HARI VASUDEVA SARMA Vs. HARI NAGA SRI VENKATA KRISHNA MURTHY
LAWS(APH)-2007-8-81
HIGH COURT OF ANDHRA PRADESH
Decided on August 23,2007

HARI VASUDEVA SARMA Appellant
VERSUS
HARI NAGA SRI VENKATA KRISHNA MURTHY Respondents

JUDGEMENT

- (1.) THIS civil miscellaneous appeal is filed by the appellant/1 st respondent/ 1st defendant in LA. No. 276/2007 in O. S. No. 206/2007 on the file of Principal Senior civil Judge, Vijayawada.

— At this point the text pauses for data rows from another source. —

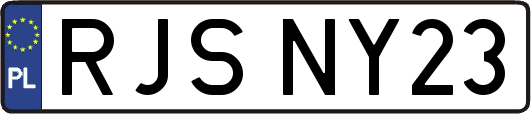 RJSNY23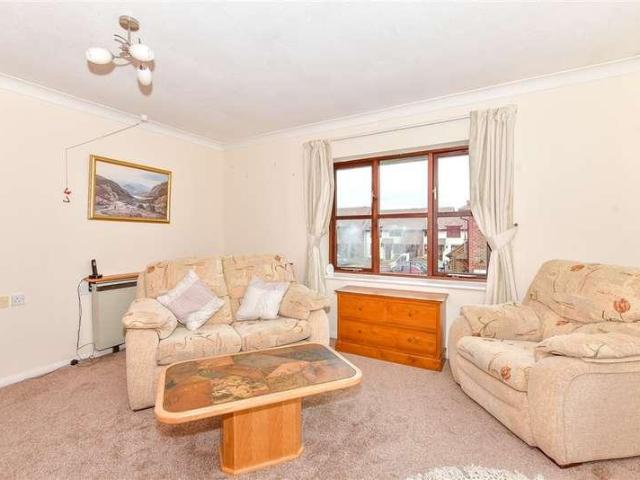 Flat for sale in Southbourne, Littlecote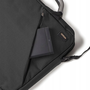 Lexon Premium+ Large 16" Laptop Bag black LN2703N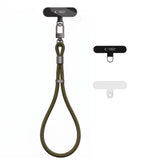 Tech Protect C11 S Reb Håndledsrem Nomad Khaki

Respondents 1 and 2 are the plaintiffs/petitioners in the said LA. No. 276/2007 in O. S. No. 206/2007 and these minors, represented by their guardian and next friend, the grand father, instituted the said suit for partition and separate possession of their 2/3 rd share in the plaint schedule property, for recovery of mesne profits and other appropriate reliefs. The 3rd respondent in the civil miscellaneous appeal is the 2nd respondent/2nd defendant in LA. No. 276/2007 in O. S. No. 206/2007 aforesaid.
(2.) THE learned Principal Senior Civil judge, Vijayawada, after framing the Points for consideration at Para-5 discussed the documentary evidence Exs. A-1 to A-6 and ex. B-1, recorded certain reasons at Para-7 and ultimately allowed the application granting temporary injunction in favour of the respondents 1 and 2 herein/petitioners/ plaintiffs in the said suit till the disposal of the suit and both the parties were directed to bear their own costs. Hence the present civil miscellaneous appeal.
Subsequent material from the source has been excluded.